Recommended approach:

EnvironmentRecommendationRationale
ProductionFail SyncBetter error handling, prevents surprise costs
Large databasesFail SyncAvoids expensive automatic re-snapshots
DevelopmentEither optionLower stakes, both approaches work
Small datasetsEither optionRe-sync is quick and inexpensive
Queue Size

What it does:

Controls the internal buffer size for change events. Determines how many CDC records can be queued in memory before processing.

Impact:

  • Larger queue: Handles burst changes efficiently but uses more memory
  • Smaller queue: Lower memory usage, but may reduce sync efficiency

Best practice:

Critical

Keep this at the default value (10,000). Improper sizing impacts memory consumption, sync efficiency, and system stability. Only modify this parameter if you have a specific technical reason or have been instructed to do so by Airbyte support.

Initial Load Timeout

What it does:

Sets the maximum duration for the snapshot phase. Once this time limit is reached or the snapshot completes (whichever comes first), Airbyte captures the current LSN and switches to CDC streaming mode. The maximum allowed value is 24 hours.

Best practices:

Database SizeRecommended TimeoutNotes
Small to medium8 hours (default)Sufficient for most databases
Large databases12-24 hoursAllows a complete snapshot before CDC streaming
Very large databases (> 50 GB)24 hoursAdjust based on observed snapshot duration
tip

Monitor your first sync's snapshot duration to determine if you need to adjust this value.

General Airbyte configuration

Sync Frequency

Choose sync frequency based on your use case, data velocity, and WAL retention period.

Key considerations:

  • Sync frequency must be shorter than WAL retention period
    • If retention is 3 days, sync at least every 2 days
    • Prevents LSN loss and sync failures
  • Balance data volume and sync overhead
    • Avoid accumulating millions of records between syncs
    • Minimize empty syncs (no changes to capture)
    • Find the middle ground for your change volume
  • Near real-time requirements
    • High-velocity data: Sync multiple times per day
    • Standard updates: Daily syncs often sufficient
    • Low activity: Match sync frequency to change patterns

Recommended configurations:

Use CaseSync FrequencyRetention PeriodNotes
Near real-time replicationEvery 1-4 hours7 days (recommended), 3 days minimum if data is highly activeOnly sync this frequently if you have active data changes to avoid empty syncs
Daily business reportingOnce daily7 days (recommended), 3 days minimum if data is highly activeStandard configuration for most use cases
Weekly analytics2-3 times per week7 days minimumLonger retention required for less frequent syncs
tip

While 7-day retention is recommended for all scenarios, you may use shorter retention periods (3+ days) if your database is highly active and you're confident your sync frequency will remain consistent. However, 7 days provides the best buffer against unexpected delays or maintenance windows.

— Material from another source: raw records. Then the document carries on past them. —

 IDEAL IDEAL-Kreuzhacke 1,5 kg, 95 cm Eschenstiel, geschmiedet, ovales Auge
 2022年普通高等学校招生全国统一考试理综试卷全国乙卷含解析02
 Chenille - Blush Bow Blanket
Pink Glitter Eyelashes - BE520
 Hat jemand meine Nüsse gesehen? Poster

Database-level CDC configuration

WAL Retention Period

The WAL retention period determines how long transaction logs are stored before recycling. This is configured in your database, not in Airbyte.

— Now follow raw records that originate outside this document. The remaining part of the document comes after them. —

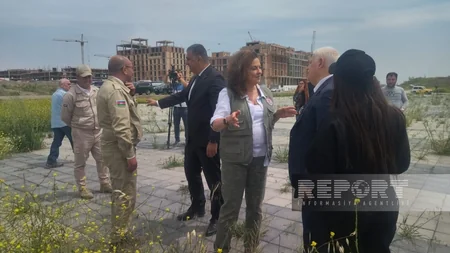 “Sülhün Kökləri” təşkilatının təsisçisi azad edilmiş ərazilərdə səfərdədir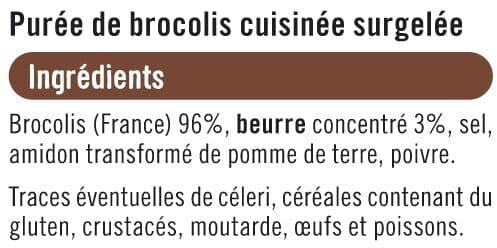 U Purée de brocolis 750g packshot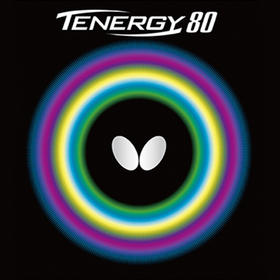 蝴蝶Butterfly TENERGY 80 （05930）T80 涩性反胶乒乓球套胶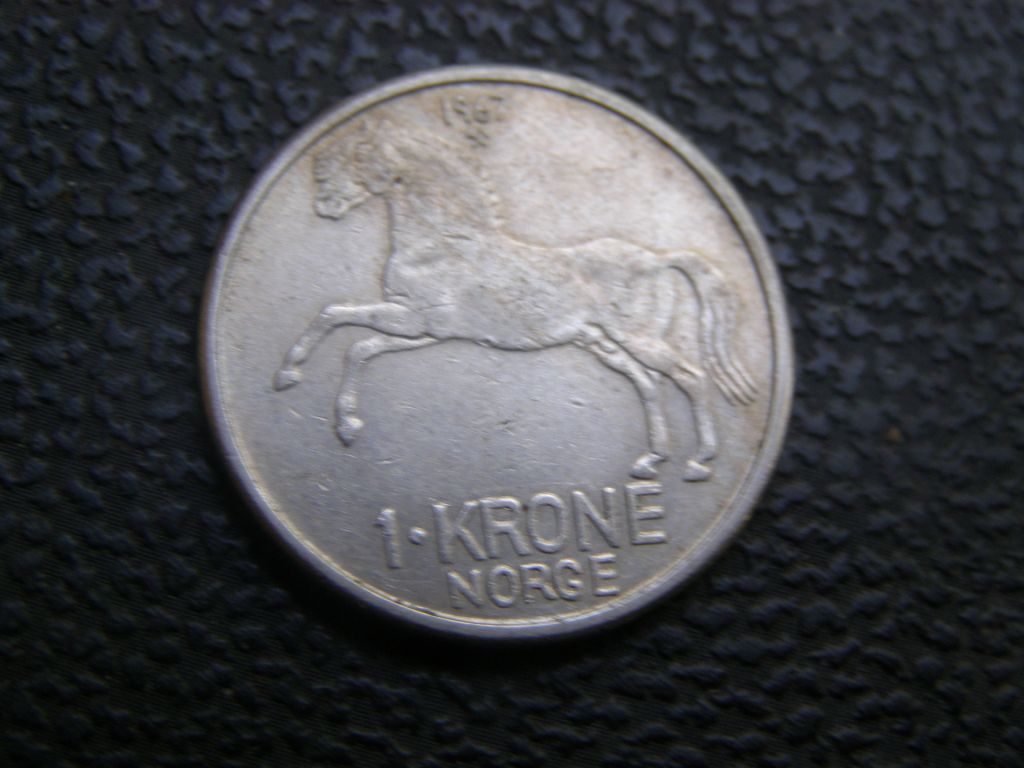 1 крона  Норвегия 1967 г - фото фото фото 0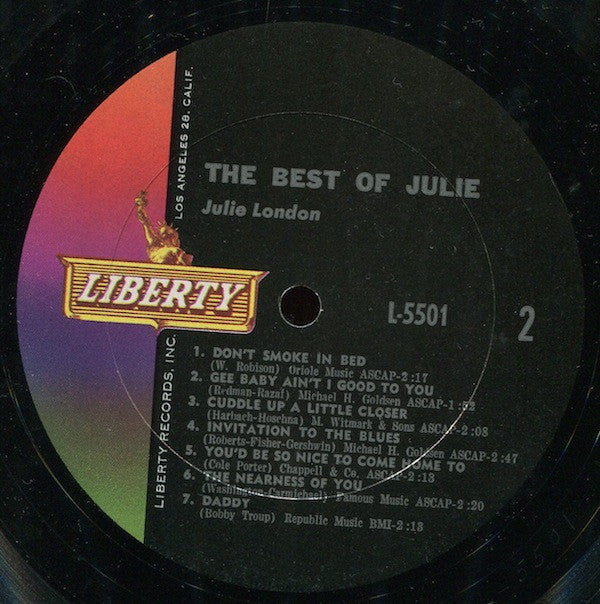 Julie London : The Best Of Julie (LP, Comp, Mono)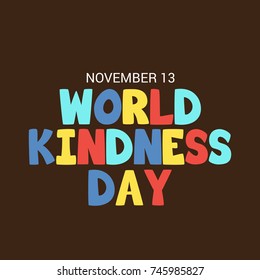 Vector illustration of a Banner for World Kindness Day.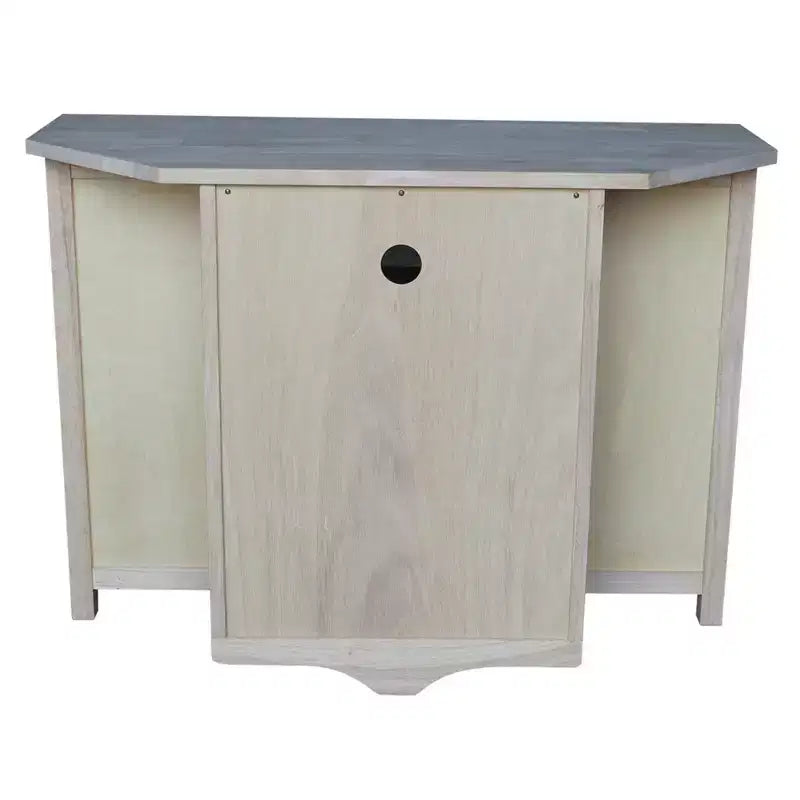 Meuble TV d'angle pour téléviseurs jusqu'à 42" marron clair : Console multimédia en bois massif - International Concepts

Recommended configuration:

PriorityRetention PeriodRationale
Optimal7 daysCovers weekend maintenance, most data movement scenarios
MinimumLonger than sync frequencyPrevents LSN loss between syncs

Example scenarios:

  • Syncing every 6 hours: Minimum 1-2 days retention (7 days recommended)
  • Syncing daily: Minimum 2-3 days retention (7 days recommended)
  • Syncing every 3 days: Minimum 4-5 days retention (7 days recommended)
Important

While Airbyte syncs can operate efficiently with short retention periods (when paired with appropriate sync frequency), 7-day retention provides the best buffer against unexpected delays or maintenance windows.